Prior to Monday’s meeting, Dr. Scott Gottlieb, former FDA commissioner and current board member at Pfizer, told CBS News that updated efficacy numbers from the Israeli Ministry of Health led Pfizer to seek Emergency Use Authorization for a booster dose of its COVID vaccine.

Israel’s health ministry said in a statement last week it had seen the efficacy of Pfizer’s vaccine drop from more than 90% to about 64% as the Delta variant spread.

As a result, Israel started administering a third dose of Pfizer’s COVID vaccine to immunocompromised people and heart transplant patients — despite the vaccine’s link to heart inflammation.

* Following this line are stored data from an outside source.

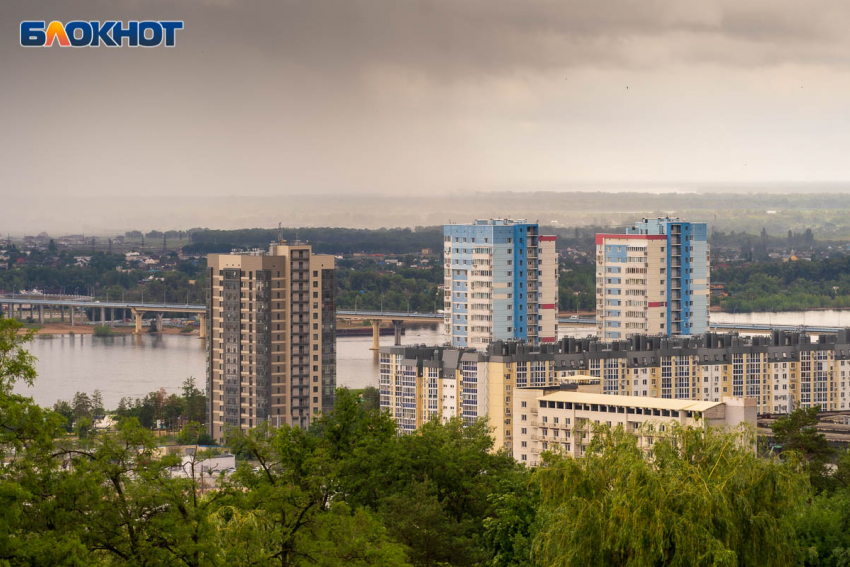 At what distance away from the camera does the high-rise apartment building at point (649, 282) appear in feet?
69.4

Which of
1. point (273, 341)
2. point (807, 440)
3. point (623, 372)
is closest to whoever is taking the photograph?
point (807, 440)

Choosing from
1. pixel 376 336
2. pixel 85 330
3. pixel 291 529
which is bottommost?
pixel 85 330

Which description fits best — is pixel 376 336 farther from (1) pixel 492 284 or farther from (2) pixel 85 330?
(1) pixel 492 284

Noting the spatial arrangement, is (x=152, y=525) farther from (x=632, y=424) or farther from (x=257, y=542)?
(x=632, y=424)

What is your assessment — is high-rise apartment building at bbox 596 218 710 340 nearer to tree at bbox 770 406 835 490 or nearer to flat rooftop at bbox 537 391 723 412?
flat rooftop at bbox 537 391 723 412

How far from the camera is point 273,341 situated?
18.9 meters

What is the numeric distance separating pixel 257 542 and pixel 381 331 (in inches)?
1364

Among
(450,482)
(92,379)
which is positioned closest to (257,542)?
(450,482)

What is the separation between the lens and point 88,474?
437cm

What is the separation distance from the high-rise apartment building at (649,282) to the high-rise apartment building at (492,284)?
1.45 m

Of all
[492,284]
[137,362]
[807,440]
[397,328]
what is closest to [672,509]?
[807,440]

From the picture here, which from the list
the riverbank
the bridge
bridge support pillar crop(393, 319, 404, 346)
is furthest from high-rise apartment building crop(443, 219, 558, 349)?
the riverbank

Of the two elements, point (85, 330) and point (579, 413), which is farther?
point (85, 330)

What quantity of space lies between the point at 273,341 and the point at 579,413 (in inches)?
249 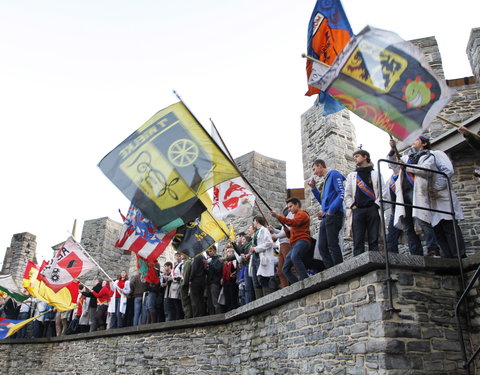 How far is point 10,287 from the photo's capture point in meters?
16.3

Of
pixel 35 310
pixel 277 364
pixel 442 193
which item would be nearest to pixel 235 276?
pixel 277 364

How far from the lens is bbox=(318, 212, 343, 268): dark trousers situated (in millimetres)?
6199

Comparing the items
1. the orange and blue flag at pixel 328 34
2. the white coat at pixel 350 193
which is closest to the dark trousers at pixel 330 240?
the white coat at pixel 350 193

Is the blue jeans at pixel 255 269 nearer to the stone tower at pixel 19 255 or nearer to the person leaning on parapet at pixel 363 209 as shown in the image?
the person leaning on parapet at pixel 363 209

WHO says Pfizer should focus on improving access to vaccines, not boosters

World Health Organization (WHO) officials insisted there was not enough evidence to show the need for third doses of COVID vaccines. They said Pfizer should concentrate instead on improving vaccine access around the world, The Guardian reported.

The WHO Director-General Dr. Tedros Adhanom Ghebreyesus said grotesque vaccine disparities were driven by “greed.”

“We are making conscious choices right now not to protect those in need,” Ghebreyesus said, adding that people who have yet to receive a single dose should be prioritized. He  called on Pfizer and Moderna to “go all out to supply COVAX, the Africa Vaccine Acquisition Task Team, and low- and middle-income countries.”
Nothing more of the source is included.